Records provided:
-*-
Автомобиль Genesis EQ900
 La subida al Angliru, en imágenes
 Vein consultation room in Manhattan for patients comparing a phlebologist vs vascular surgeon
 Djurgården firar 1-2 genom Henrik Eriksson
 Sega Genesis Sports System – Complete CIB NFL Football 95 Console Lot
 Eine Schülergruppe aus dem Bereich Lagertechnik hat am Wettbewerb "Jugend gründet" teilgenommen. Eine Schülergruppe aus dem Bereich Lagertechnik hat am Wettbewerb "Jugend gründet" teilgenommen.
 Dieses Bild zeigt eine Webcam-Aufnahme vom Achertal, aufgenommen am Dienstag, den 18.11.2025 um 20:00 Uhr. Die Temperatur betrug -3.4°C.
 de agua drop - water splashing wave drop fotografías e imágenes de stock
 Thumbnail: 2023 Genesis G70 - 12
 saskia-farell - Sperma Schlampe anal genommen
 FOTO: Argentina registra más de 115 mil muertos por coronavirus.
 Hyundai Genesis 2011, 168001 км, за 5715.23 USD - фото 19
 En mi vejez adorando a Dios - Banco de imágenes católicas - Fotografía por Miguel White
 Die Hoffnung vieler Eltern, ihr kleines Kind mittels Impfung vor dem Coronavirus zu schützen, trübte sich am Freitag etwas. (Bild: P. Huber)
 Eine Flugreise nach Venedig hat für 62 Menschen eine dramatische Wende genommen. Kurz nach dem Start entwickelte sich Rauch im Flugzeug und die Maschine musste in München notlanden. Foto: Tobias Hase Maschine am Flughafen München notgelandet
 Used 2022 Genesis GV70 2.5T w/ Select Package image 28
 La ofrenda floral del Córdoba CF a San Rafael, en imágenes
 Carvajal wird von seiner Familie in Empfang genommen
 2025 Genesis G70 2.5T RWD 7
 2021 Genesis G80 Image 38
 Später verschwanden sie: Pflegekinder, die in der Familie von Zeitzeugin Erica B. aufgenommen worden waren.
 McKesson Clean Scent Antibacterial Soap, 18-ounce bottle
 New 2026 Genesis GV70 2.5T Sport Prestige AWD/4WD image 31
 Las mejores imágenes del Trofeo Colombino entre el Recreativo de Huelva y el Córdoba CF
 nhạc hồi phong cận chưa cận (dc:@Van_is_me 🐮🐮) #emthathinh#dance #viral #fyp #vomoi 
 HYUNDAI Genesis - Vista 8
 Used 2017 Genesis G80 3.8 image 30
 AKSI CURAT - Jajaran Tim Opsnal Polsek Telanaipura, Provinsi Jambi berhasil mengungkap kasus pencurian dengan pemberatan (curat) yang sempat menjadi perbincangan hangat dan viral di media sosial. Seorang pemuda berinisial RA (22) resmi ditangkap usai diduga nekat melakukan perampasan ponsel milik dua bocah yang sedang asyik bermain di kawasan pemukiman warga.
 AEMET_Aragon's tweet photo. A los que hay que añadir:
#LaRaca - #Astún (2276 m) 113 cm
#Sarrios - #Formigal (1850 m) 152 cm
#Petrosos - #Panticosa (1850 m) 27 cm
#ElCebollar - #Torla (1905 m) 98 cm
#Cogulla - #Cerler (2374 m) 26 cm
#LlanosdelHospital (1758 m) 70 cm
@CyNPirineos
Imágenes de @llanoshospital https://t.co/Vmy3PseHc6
-*-
Task objective: Beginning with the very first line of the material above, give each line again exactly, ending with the line that contains "La ofrenda floral".

Answer to the problem:
Автомобиль Genesis EQ900
 La subida al Angliru, en imágenes
 Vein consultation room in Manhattan for patients comparing a phlebologist vs vascular surgeon
 Djurgården firar 1-2 genom Henrik Eriksson
 Sega Genesis Sports System – Complete CIB NFL Football 95 Console Lot
 Eine Schülergruppe aus dem Bereich Lagertechnik hat am Wettbewerb "Jugend gründet" teilgenommen. Eine Schülergruppe aus dem Bereich Lagertechnik hat am Wettbewerb "Jugend gründet" teilgenommen.
 Dieses Bild zeigt eine Webcam-Aufnahme vom Achertal, aufgenommen am Dienstag, den 18.11.2025 um 20:00 Uhr. Die Temperatur betrug -3.4°C.
 de agua drop - water splashing wave drop fotografías e imágenes de stock
 Thumbnail: 2023 Genesis G70 - 12
 saskia-farell - Sperma Schlampe anal genommen
 FOTO: Argentina registra más de 115 mil muertos por coronavirus.
 Hyundai Genesis 2011, 168001 км, за 5715.23 USD - фото 19
 En mi vejez adorando a Dios - Banco de imágenes católicas - Fotografía por Miguel White
 Die Hoffnung vieler Eltern, ihr kleines Kind mittels Impfung vor dem Coronavirus zu schützen, trübte sich am Freitag etwas. (Bild: P. Huber)
 Eine Flugreise nach Venedig hat für 62 Menschen eine dramatische Wende genommen. Kurz nach dem Start entwickelte sich Rauch im Flugzeug und die Maschine musste in München notlanden. Foto: Tobias Hase Maschine am Flughafen München notgelandet
 Used 2022 Genesis GV70 2.5T w/ Select Package image 28
 La ofrenda floral del Córdoba CF a San Rafael, en imágenes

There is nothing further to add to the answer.